Brief descriptive captions
^^^^^^^^^^^^^^^^

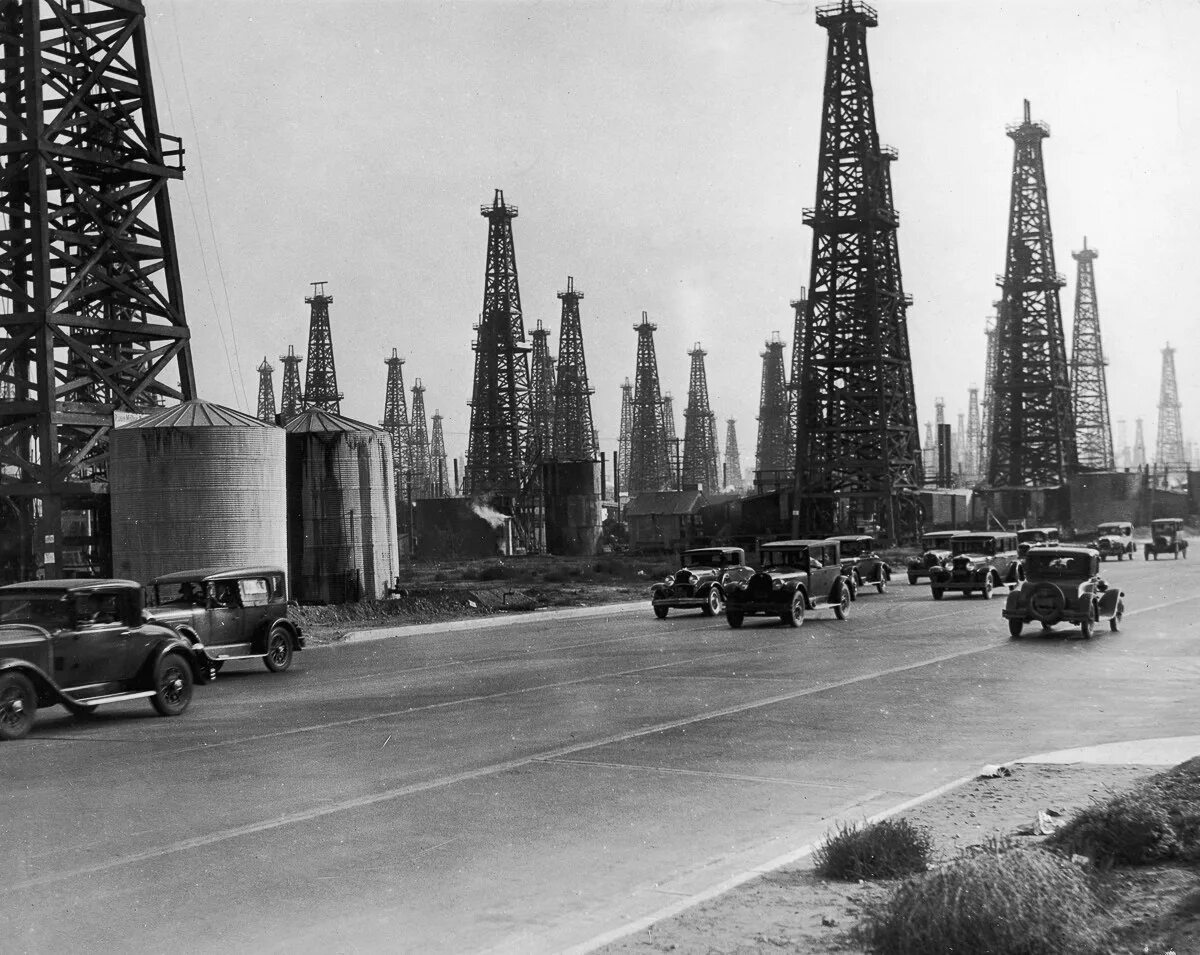 Америка 1920 1930 годов. Нефтяные вышки лос анджелес. лос анджелес в 1930-е годы. сша 1930-е. калифорния 1930.
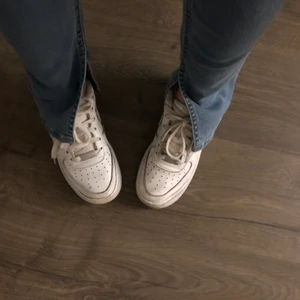 Jeans med slits  - Fina jeans från Nelly aldrig använt ba provade så ja säljer dom 💕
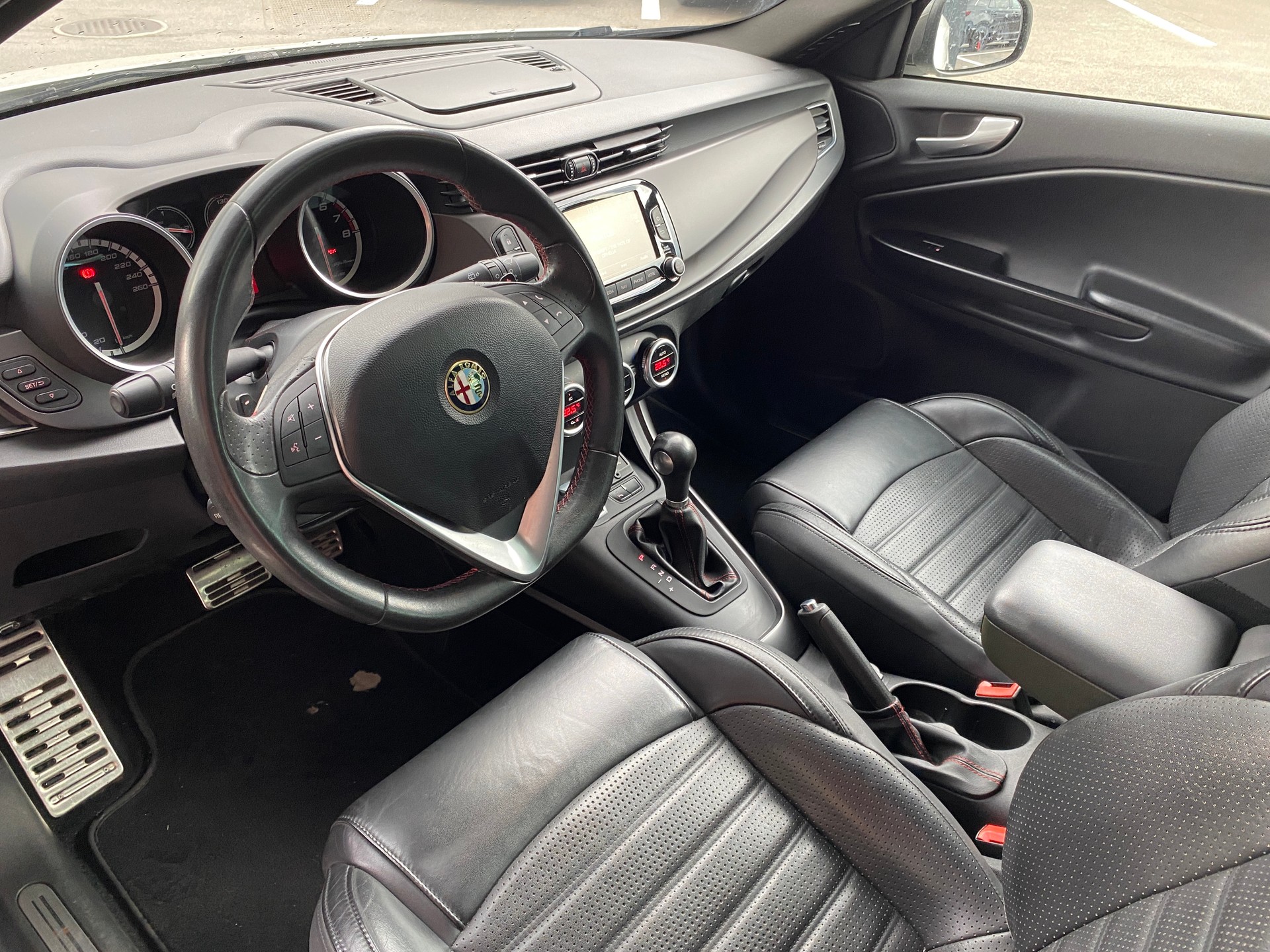ALFA ROMEO Giulietta 1750 TBi Quadrifoglio Verde-image-5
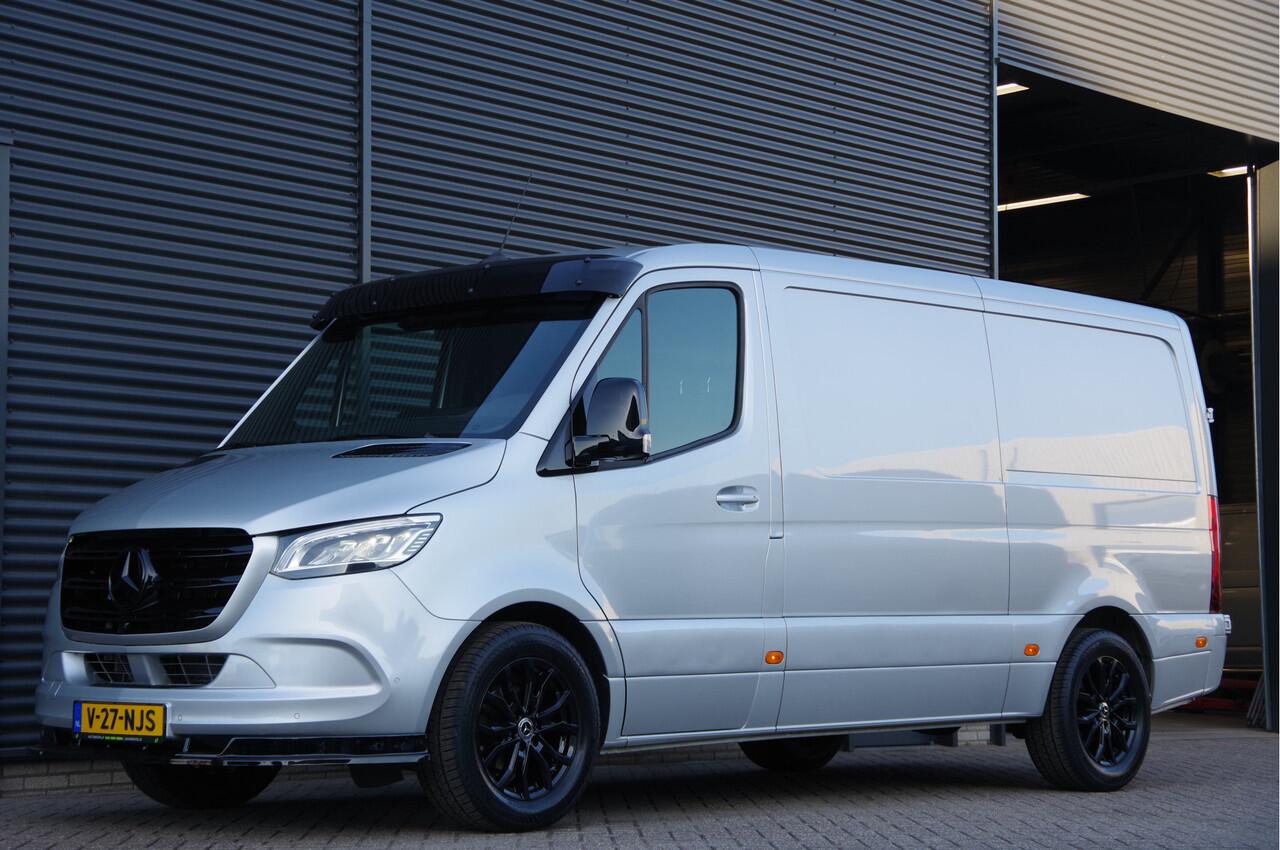 Mercedes-Benz SPRINTER 319 3.0 CDI V6 L2H1 AUT. LED, 3.5T TREKHAAK, LUCHTVERING, ADAPT. CRUISE, 360 CAMERA, MBUX 10'', STOELVERWARMING, STANDKACHEL, VOORRUIT VERWARMING, CLIMA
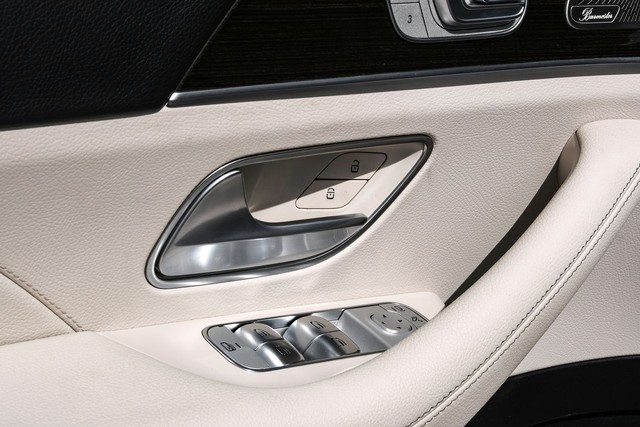 Mercedes-Benz GLE Vehicle Main Gallery Image 42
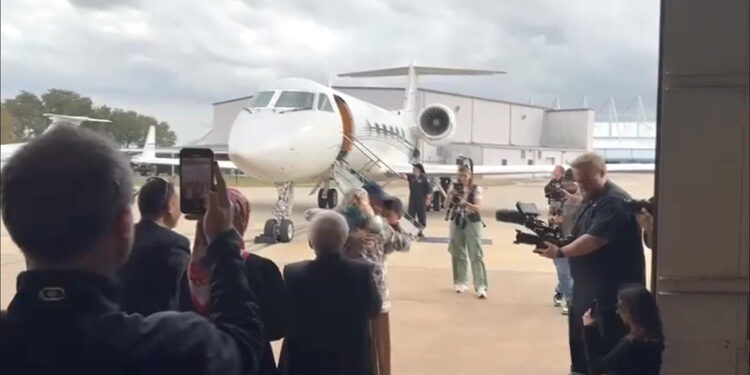 Alper Gezeravcı ailesi tarafından karşılandı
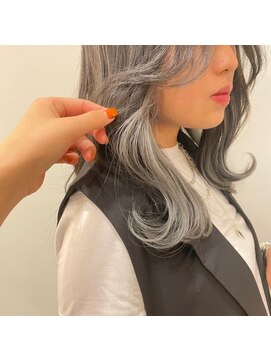 レーベン(LEBEN) ホワイトベージュインナーカラー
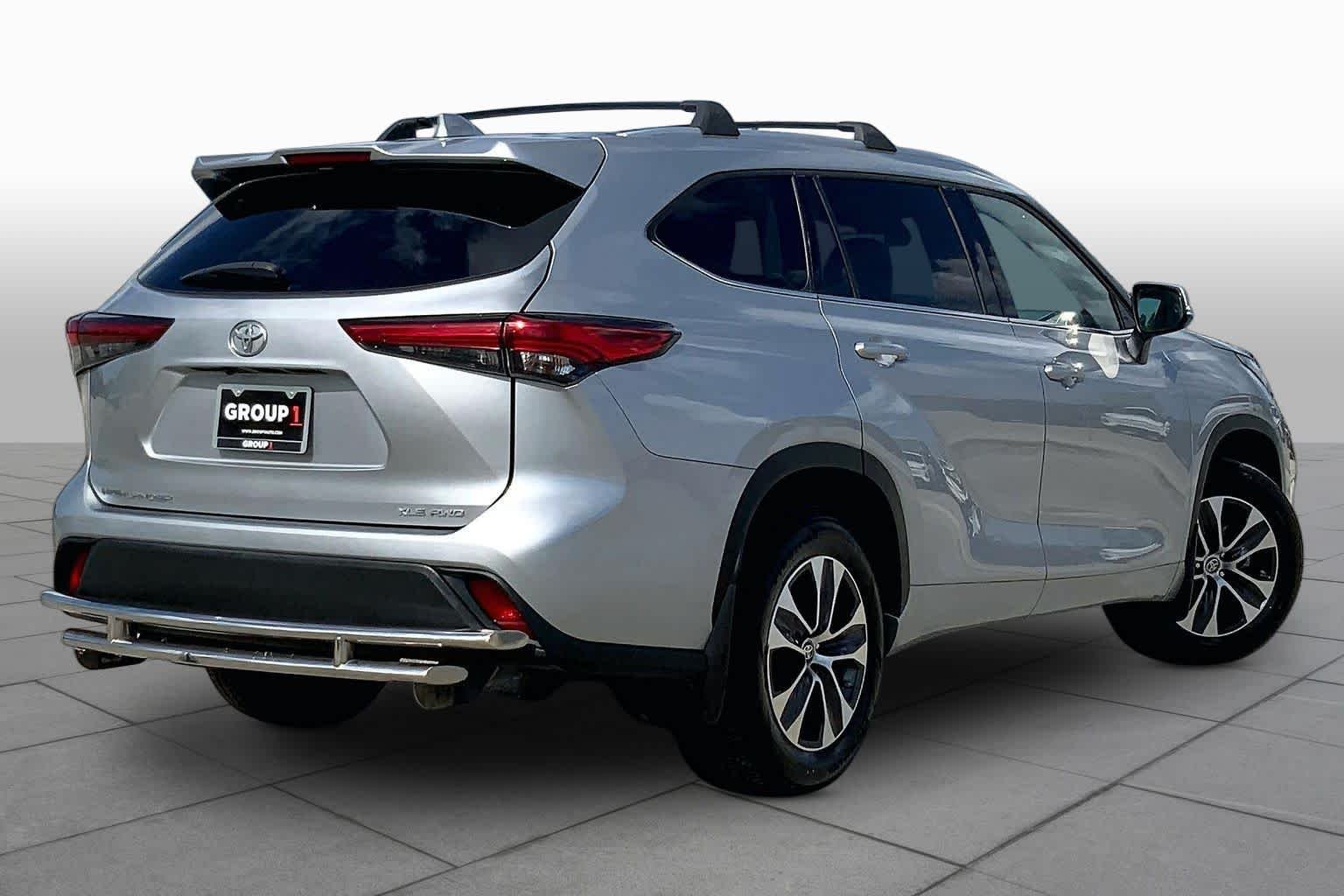 Used 2022 Celestial Silver Metallic Toyota XLE image 13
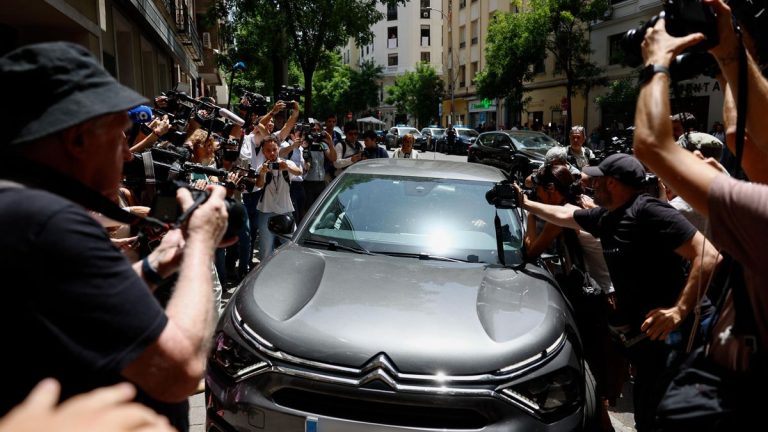 Un largo, cálido y horrible verano para el PSOE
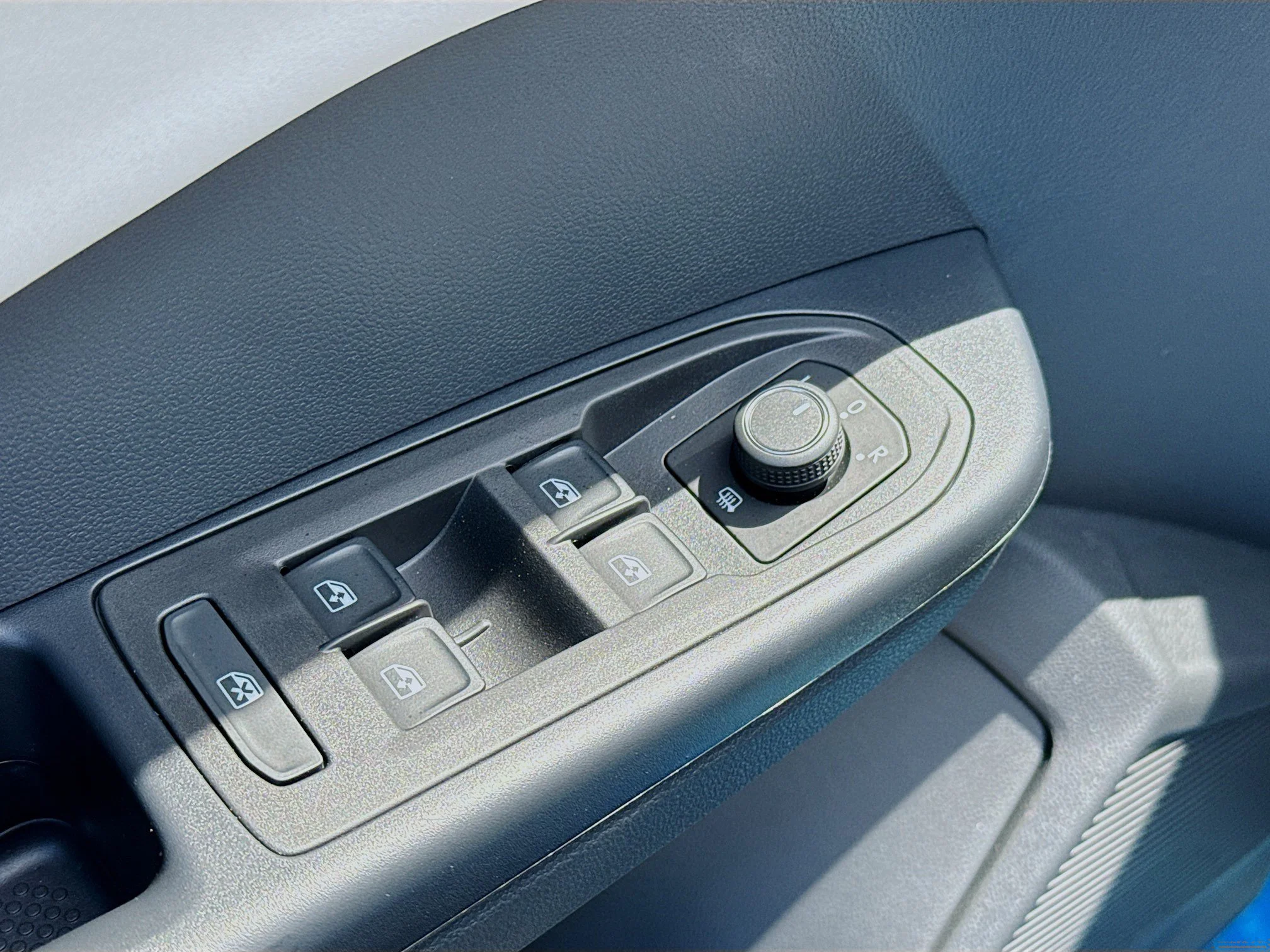 New 2026  Volkswagen SE image 21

^^^^^^^^^^^^^^^^

*Exercise description*. Write out exactly the stretch of lines that begins with the line containing "レーベン(LEBEN) ホワイトベージュインナーカラー" and ends with the last line of the records above, leaving out the pictures.

*Your response*.
 レーベン(LEBEN) ホワイトベージュインナーカラー
 Used 2022 Celestial Silver Metallic Toyota XLE image 13
 Un largo, cálido y horrible verano para el PSOE
 New 2026  Volkswagen SE image 21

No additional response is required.